1. The ingredient cost per bottle of beer, soft drinks, hard liquor or, of course, water is very low – often less than pennies per bottle. In contrast, wine has a much greater ingredient cost, based on the investment necessary to grow the best wine grapes possible and to make those grapes into excellent quality wine.
2. Other beverages are formula products. Once the formula is established (like the closely guarded ingredients for Coca Cola), the producer simply follows the recipe, year after year. Wine is an agriculturally based product, with each vintage year creating differences in the grapes from which the wine is made. This adds a risk factor for both the quantity and quality of production, year-to-year.
Finally, there is our commitment to the highest standards for our wines. This is not a meaningless marketing slogan. Such a commitment requires acceptance of the substantially higher investments in farming and production associated with achieving that level of quality.

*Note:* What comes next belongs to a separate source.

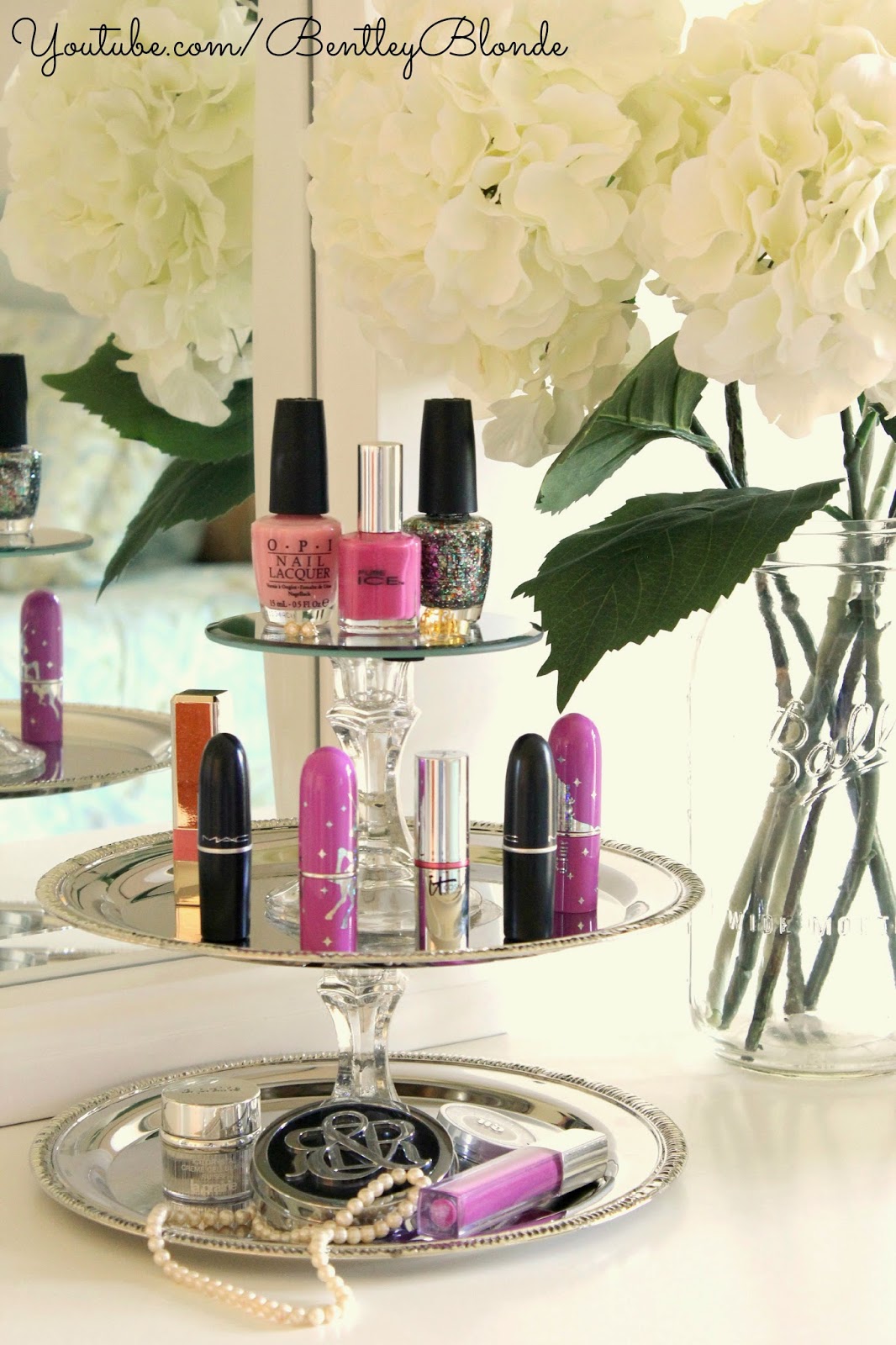 Dollar Store DIY | Makeup & Jewelry Stand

For example, our Howell Mountain, Mt. Veeder and Spring Mountain Cabernets are more costly to produce due to the added expense of planting and farming vineyards on steeper hillside terrain. Factor into this economic equation the fact that annual grape yields are only about 65% of what is generated in vineyards on the Valley floor and you have a very high cost per ton – but the quality is fantastic!
In the winery, “big ticket” items such as hundreds of expensive French oak barrels (used for only 2 vintages), sorting tables, special tanks, and other winemaking equipment are essential for crafting an exceptional Cabernet. And, of course, all of this outlay would be meaningless without the creativity and skill of a top-flight winemaker and winery team to work their “magic”.
From the time I started making our wines in 1992, I have always been determined that they represent a good value, despite all the farming and production costs involved. When wine reviewer Robert Parker recently described our Affinity as a “steal for a great Napa Valley Cabernet”, he was acknowledging all that goes into a bottle of fine wine.